[Items from a dataset]
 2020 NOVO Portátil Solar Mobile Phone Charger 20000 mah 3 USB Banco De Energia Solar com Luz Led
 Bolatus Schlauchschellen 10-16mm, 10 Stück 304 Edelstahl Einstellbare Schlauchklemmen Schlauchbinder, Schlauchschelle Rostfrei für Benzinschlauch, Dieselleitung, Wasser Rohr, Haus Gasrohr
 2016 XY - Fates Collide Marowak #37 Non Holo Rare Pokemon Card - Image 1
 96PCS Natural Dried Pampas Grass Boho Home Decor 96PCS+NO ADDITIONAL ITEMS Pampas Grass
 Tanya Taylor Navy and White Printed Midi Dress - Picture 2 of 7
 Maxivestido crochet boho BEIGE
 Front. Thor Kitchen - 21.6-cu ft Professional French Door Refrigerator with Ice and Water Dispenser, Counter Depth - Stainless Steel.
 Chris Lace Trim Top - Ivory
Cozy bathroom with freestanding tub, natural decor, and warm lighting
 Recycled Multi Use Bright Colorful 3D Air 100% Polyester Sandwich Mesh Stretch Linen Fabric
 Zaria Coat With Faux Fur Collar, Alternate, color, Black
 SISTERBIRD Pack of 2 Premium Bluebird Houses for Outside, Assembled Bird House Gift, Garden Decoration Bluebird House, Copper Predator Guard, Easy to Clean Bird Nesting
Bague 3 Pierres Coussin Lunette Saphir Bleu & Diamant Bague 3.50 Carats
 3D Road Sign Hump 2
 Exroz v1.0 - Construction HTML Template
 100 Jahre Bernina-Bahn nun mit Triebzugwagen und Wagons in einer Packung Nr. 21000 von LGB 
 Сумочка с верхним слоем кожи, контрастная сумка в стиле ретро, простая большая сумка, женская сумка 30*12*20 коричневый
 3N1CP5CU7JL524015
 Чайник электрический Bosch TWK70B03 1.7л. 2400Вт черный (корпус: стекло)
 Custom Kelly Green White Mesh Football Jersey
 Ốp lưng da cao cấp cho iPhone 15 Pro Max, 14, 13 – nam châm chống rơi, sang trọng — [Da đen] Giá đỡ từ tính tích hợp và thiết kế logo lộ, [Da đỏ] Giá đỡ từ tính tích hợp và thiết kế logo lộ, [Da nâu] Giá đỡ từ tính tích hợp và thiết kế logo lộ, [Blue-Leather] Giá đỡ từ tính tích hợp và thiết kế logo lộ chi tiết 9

— What you are asked to do —
Your answer should be only a number: how many lines of the data above contain the string "White"?

— Written answer —
2